静岡県の大井川の水問題で国交省が設置した有識者会議の「第11回リニア中央新幹線静岡工区 有識者会議 配布資料」の「【資料2(別冊)】別冊データ(JR東海資料)」の「1 各トンネルの掘削断面」より
完成後の本坑の断面積は74平米。斜坑については報道では、おそらく完成後の断面積として約55平米とか高さ何m幅何mなど(*)書かれていますが、残土の処理問題とトンネル工事のペースを考える場合は、掘削断面積がわかれば十分だと思います。

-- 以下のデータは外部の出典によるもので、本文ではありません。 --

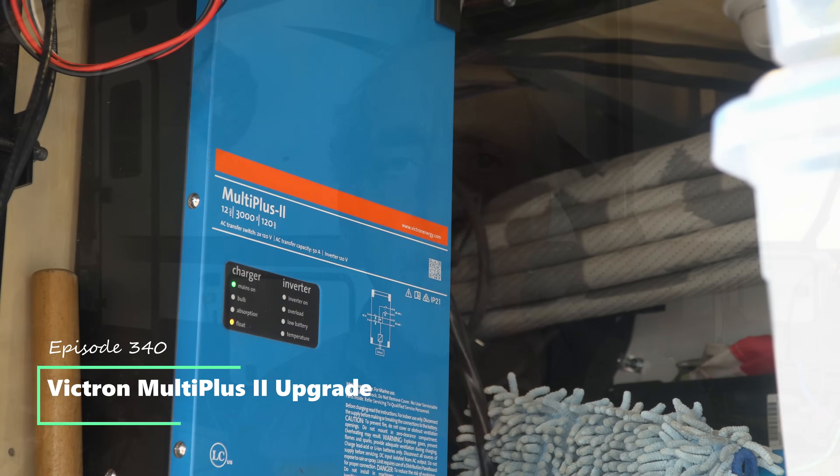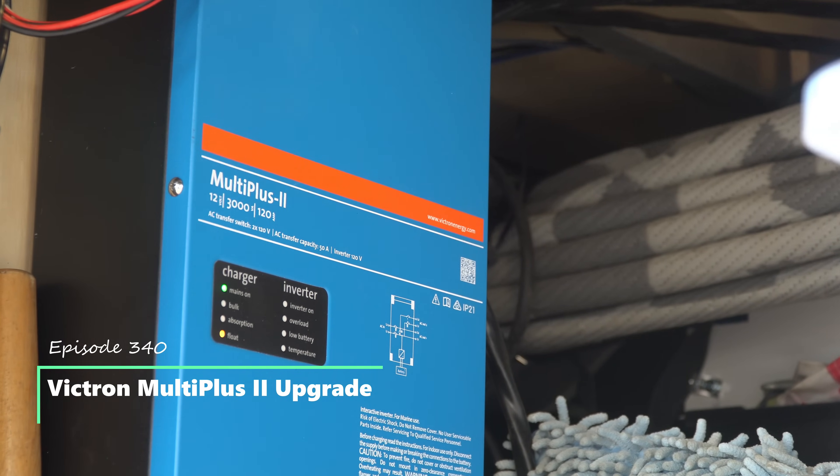Hey friends, welcome back to Grand Adventure. I'm your host Mark Guido, and ever since we got back to the Salt Lake City area on November 30th, we've been busy hard at work installing some new Victron equipment in our RV, including this MultiPlus II Inverter Charger. We're going to explain to you in this episode the hows, the whats, and the whys, so stay tuned.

* たとえば、『南信州』2017年6月24日 "「小渋川非常口」3日から 大鹿村のリニア南アトンネル掘削"、2017年8月23日 "JR東海が小渋川非常口で発破掘削開始を発表"。
トンネル残土の体積の変化
トンネル残土は掘る前に比べ掘り出したものはかさが増えます。「土量計算の考え方」にどの程度増えるかの数値が示されています。大鹿村内について、環境影響評価書資料編によれば、斜坑A、B、D、G の発生土量の合計は約3000,000立米。トンネルの坑道の体積の合計で割ると約1.55 (1.54852296717647 を少数点以下第2位で四捨五入) になります。JR東海はかさが増える比率を 約1.55 として計算したと思われます。
坑口ごとの掘削のペース
大鹿村リニア連絡協議会へのJR東海の報告(参考ファイル(D))をもとに坑口ごとの掘削のペースを調べてみました。掘削の開始日、完了日以外は、連絡協議会の開催日を各期間の始めと終りにしました。期間内に掘削した距離を、期間の日数で割って30をかけています。稼働日、休工日も含め、1か月あたりにどれくらいかという数字です。
小渋川・先進坑
小渋川斜坑の先の先進坑(全長1600m)は、2019年8月23日に掘削開始、2021年6月24日間での671日で800mを掘削。平均で、1日1.19m、1か月あたり36mになります。ざっと1年と10カ月で半分掘ったので釜沢斜坑とつながるまでにあと1年と10カ月かかる可能性もあります。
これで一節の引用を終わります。